Hive

Hive is an SQL language that processes and analyzes data in Hadoop. It does not require knowledge of any programming language. Hive is not suitable for OLTP, it is designed for analyzing big data.

Hadoop in not a database, it is an ecosystem of tools that enables the features we require and desire when dealing with big data. Hadoop runs on HDFS and its native language is MapReduce. Hive converts your SQL commands to MapReduce. Hive also supports workflow integration with other tools such as Excel or Cognos.

Compared to working directly in MapReduce, Hive is a big improvement in user-friendliness but Hive is slow, batch-oriented, and does not fully support ANSI-SQL.

Hive is not the only good option when working with Hadoop. Apache Spark is a great product. It supports Python, Scala, and SQL.

How Does Data Flow in Hive

Data is collected from various data sources and stored in HDFS. The format of the data can be SQL, CSV, text documents, or anything else. Ath this point the data is raw, unprocessed, unstructured, and partitioned (distributed across servers). When the data moves from HDFS to Hive warehouse based on your queries, it is processed, structured, and aggregated. But it still remains partitioned. Beyond Hive warehouse, the data will contain the final data and data format desired by the end user.

Hive Data Units

Hive data is organized into databases, tables, partitions, and buckets. A database is simply a namespace. A table contains homogenous units of data with the same schema. SQL queries run against the tables. Tables can be managed or external. Managed tables move data from its current location in HDFS to Hive warehouse, which is a specific location on HDFS. External tables point to data in HDFS. Managed tables are more reliable because the location of data in HDFS can change and suddenly your Hive queries would generate errors.

HUE - Hive User Experience

We use Hive through Hue. It is a user-friendly interface that allows us to perform different functions for Hive. It makes managing data and workflow very easy. It comes with data browsers and query editors. You only need to click around for 30 minutes to understand the interface.

Importing data from CSV files

  1. Data Browsers > Metastore Tables > Create table (icon)
  2. Upload the file
  3. Define delimiter and verify results.

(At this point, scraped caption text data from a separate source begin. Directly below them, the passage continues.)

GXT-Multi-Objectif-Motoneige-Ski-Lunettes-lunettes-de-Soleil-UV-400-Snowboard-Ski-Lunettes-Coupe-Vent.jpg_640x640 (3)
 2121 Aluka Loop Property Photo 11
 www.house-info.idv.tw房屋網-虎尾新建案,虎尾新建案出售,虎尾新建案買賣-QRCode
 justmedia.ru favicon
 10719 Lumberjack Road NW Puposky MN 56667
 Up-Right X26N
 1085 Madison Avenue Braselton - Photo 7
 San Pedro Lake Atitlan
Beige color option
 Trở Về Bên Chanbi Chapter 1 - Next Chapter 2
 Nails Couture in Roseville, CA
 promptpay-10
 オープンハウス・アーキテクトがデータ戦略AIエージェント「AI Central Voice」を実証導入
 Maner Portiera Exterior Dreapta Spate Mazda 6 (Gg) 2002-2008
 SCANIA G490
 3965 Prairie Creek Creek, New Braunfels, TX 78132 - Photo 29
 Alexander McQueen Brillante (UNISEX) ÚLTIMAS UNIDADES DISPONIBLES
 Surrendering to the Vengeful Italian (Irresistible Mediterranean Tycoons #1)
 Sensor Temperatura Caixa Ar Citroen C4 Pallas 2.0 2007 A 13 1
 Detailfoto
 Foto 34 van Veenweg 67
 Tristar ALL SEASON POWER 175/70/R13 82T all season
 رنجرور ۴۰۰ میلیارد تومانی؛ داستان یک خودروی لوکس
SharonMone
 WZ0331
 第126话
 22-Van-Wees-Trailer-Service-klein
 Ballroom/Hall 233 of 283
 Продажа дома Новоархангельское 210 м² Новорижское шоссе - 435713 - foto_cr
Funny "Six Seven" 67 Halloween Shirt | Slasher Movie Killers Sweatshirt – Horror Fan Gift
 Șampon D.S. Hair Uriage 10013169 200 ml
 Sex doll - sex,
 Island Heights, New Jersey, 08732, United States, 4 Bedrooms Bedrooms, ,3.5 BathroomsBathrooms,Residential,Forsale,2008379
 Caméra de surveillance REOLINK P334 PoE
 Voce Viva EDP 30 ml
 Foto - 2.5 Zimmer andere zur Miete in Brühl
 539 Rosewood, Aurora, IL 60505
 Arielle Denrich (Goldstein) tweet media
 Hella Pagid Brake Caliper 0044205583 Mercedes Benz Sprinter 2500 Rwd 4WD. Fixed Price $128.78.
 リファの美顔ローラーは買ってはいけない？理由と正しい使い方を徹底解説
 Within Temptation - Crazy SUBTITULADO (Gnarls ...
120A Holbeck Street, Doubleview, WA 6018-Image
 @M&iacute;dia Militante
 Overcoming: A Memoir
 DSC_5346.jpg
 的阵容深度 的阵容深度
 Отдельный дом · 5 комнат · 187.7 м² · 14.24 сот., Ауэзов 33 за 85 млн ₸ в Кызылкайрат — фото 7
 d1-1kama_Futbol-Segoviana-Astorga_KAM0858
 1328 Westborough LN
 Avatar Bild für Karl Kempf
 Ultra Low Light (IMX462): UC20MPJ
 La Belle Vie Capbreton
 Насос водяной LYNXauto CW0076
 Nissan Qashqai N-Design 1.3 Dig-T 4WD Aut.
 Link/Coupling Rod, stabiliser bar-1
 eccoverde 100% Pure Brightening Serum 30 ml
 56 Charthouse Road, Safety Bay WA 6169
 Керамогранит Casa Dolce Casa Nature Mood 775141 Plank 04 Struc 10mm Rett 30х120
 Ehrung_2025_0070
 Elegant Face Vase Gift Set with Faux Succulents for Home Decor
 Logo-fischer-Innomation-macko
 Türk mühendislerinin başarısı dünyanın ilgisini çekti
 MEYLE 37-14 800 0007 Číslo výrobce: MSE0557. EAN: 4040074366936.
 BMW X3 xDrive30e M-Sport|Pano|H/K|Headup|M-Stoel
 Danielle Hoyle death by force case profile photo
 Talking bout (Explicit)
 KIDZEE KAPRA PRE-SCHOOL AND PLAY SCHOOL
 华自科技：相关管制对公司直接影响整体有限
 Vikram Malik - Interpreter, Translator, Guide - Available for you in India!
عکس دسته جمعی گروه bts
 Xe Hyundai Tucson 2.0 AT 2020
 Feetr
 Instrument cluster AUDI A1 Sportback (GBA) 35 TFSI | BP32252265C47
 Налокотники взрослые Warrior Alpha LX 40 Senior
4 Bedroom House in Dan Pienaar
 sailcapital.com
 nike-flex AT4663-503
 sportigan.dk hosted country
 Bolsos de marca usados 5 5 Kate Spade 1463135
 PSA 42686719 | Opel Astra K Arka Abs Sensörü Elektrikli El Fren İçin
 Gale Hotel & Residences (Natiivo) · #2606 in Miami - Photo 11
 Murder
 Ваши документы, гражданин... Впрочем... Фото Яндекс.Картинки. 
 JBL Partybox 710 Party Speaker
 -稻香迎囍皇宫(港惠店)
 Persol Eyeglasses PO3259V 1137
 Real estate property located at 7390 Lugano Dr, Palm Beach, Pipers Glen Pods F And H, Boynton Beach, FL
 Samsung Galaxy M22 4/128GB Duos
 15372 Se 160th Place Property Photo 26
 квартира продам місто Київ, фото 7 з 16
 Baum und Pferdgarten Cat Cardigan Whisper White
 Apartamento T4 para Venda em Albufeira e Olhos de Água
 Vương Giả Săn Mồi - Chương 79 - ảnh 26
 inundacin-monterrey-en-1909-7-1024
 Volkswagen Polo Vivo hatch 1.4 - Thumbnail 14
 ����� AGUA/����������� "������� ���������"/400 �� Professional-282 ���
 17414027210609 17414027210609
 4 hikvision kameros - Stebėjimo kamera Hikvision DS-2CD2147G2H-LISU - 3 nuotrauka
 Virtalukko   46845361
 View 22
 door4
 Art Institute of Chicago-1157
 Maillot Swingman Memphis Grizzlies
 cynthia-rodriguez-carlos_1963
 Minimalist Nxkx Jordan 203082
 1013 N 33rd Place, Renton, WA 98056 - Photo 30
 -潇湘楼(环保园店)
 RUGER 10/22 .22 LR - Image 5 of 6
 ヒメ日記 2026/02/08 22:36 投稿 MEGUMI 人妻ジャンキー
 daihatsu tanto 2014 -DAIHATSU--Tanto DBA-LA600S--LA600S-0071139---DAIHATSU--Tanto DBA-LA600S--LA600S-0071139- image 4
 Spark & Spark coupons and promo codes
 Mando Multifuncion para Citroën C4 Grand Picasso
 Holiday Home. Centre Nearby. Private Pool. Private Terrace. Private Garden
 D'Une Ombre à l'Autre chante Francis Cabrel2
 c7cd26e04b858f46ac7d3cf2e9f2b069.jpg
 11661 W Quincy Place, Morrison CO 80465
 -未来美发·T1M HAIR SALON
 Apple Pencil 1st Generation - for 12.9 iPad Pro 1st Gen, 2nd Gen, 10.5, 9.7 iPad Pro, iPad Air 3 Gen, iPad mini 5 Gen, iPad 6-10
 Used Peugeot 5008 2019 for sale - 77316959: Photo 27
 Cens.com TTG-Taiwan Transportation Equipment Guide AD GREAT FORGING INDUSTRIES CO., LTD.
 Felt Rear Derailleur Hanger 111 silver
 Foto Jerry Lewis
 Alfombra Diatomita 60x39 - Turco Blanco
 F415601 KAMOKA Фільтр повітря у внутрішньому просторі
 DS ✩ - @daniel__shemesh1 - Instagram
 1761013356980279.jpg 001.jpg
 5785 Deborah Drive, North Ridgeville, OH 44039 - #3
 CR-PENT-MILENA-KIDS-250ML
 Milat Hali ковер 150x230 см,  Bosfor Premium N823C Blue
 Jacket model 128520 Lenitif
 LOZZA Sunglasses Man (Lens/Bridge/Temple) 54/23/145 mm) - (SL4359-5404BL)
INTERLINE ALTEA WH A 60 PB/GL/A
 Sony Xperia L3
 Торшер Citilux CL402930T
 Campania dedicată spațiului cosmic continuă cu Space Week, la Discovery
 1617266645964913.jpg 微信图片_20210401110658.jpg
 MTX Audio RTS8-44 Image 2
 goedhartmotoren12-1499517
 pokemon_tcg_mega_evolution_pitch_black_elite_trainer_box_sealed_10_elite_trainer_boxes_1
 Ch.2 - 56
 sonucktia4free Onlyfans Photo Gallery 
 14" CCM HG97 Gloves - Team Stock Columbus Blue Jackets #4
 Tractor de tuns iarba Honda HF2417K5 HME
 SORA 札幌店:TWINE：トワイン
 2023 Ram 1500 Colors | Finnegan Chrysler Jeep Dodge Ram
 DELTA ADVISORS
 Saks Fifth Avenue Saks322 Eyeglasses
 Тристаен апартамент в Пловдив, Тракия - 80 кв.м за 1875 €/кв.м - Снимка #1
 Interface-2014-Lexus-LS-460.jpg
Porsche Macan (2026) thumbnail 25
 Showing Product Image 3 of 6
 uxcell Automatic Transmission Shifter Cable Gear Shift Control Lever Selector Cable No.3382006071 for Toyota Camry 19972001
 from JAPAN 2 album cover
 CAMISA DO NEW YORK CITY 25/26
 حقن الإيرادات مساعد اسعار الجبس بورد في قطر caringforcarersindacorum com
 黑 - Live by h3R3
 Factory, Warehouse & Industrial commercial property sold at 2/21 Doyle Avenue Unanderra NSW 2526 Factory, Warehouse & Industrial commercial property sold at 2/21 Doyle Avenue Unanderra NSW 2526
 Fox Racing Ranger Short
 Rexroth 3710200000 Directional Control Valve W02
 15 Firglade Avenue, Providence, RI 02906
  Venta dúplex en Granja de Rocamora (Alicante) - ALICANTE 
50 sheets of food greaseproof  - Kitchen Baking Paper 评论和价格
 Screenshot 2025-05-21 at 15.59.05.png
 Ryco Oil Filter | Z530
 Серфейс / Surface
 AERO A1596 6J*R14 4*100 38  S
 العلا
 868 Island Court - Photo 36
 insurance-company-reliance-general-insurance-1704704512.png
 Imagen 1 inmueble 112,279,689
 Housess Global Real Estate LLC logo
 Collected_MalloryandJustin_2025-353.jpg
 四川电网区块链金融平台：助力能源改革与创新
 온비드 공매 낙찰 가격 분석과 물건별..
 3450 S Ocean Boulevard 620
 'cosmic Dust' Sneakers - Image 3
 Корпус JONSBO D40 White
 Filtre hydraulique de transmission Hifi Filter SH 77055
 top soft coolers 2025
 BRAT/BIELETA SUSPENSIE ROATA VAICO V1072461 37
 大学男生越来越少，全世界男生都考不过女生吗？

If your csv is not processed correctly, modify the csv delimiter or download and use a jar file that processes the csv correctly.

Fetching Data from Hive

We use select statements to fetch data from Hive. For selecting, Hive supports SELECT, FROM, JOIN, WHERE, GROUP BY, HAVING, ORDER BY, AND LIMIT. Aliases and functions such as count(), min(), max(), etc. are also supported.

select * from sales limit 100;

Complex Data Types

A row of table can contain array, map or struct. A map is a collection of key/value pairs, associative array. struct is a collection of name value fields:

-- struct('phone','home','123-456-7890')
select u.id, u.phone.home from user u;
-- key/value address('home','city',...)
select u.id, u.address['home'].city from user u;
-- array  subscriptions('nytimes','wsj','nat geo')
select u.id, u.subscrptions[0] from user u;

explode parses complex data structures to columns so you don't need to use . operators to reach your data

select u.id, sub.subscription
from u.user
lateral view explode(u.subscriptions) s and sub

Aggregating Data

Simple: sum(), min, max, avg, count advanced: stdev()

select sum(sales) as total
from sales
where year = 2016

Grouping set return multiple levels of aggregation in one statement.

select margin, sale
from sales
group by margin, sale
grouping sets (margin, sale)

the last line is union of (margin, sale) with margin and (margin, sale) with sale.

Cube returns all possible aggregate combinations

select margin, sale
from sales
group by margin, sale
with cube

Rollup returns hierarchical combinations

select margin, sale
from sales
group by margin, sale
with rollup

Joins are supported and use ANSI-SQL syntax.

Hive Functions

Hive Functions extend Hive. There are string functions such as concat and substr(), math functions such as abs() and sqrt(), date functions such as to_date(), and conditional functions such as if() and coalesce(). Their usage is pretty much how they are used in an OLTP SQL query.

Partitioned Tables

Hive tables often contain massive amounts of data simply because we use Hadoop for big data. Using conditional logic, you can divide this data into smaller tables called partitioned tables. For example, you can divide sales data by geography or fiscal year. In such case, each year or location will be in a different partition table.

First we create the table from csv. Go to Query Editors > Hive.

create table sales (sid int, location string, orderdate date, sale float)
partitioned by (year int)
stored as textfile;

Add subfolders under the sales directory for each partition year. Add csv file for each year.

Create partitions and add them to the table

alter table sales
add partition (year = 2016)
location '2016/';

Conclusion

Hive is pretty easy to work with. Simply log into HUE interface and write SQL queries. There are a few differences as you have seen here. After Hive, you should also look into Apache Spark.